(WHAT THE TASK ASKS): The expected result is the full listing, retyped exactly, without a single picture.

(DATA SECTION):
++++

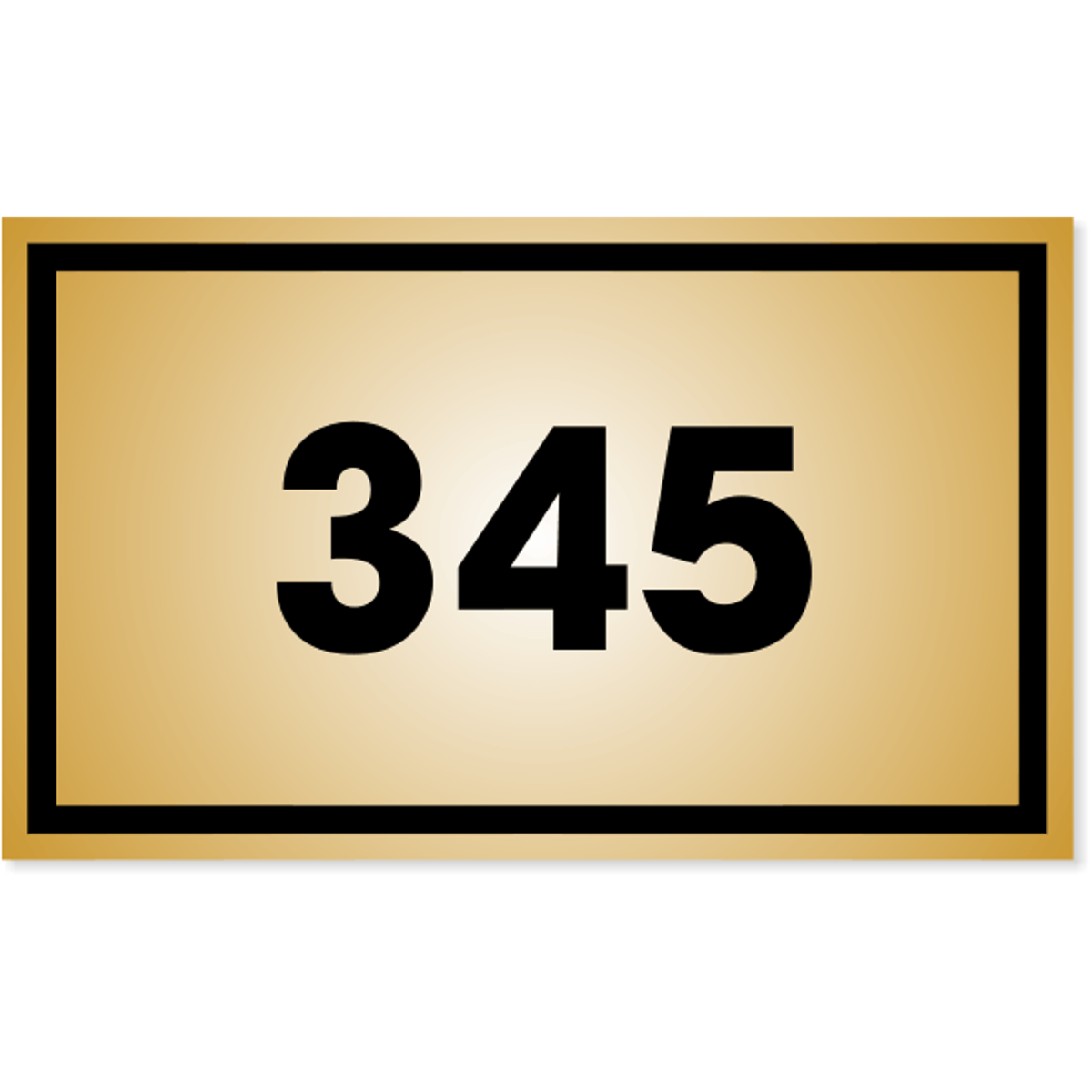 Rectangle Number Sign | 3" x 5"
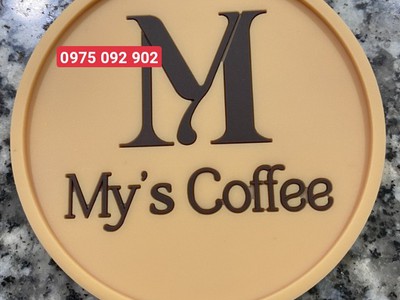 Xưởng mua bán đế lót ly in logo thương hiệu giá rẻ, làm lót cốc quán cafe theo yêu cầu 8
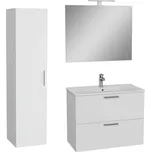 Koupelnová sestava s umyvadlem 80 cm včetně umyvadlové baterie, vtoku a sifonu VitrA Mia bílá KSETMIA80B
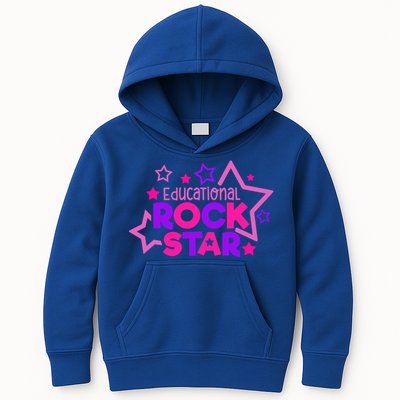 Educational Rockstar Funny Teacher Back To School Joke Quote Cute Gift Kids Hoodie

++++

(ANSWER TO THE PROBLEM):
 Rectangle Number Sign | 3" x 5"
 Xưởng mua bán đế lót ly in logo thương hiệu giá rẻ, làm lót cốc quán cafe theo yêu cầu 8
 Koupelnová sestava s umyvadlem 80 cm včetně umyvadlové baterie, vtoku a sifonu VitrA Mia bílá KSETMIA80B
 Educational Rockstar Funny Teacher Back To School Joke Quote Cute Gift Kids Hoodie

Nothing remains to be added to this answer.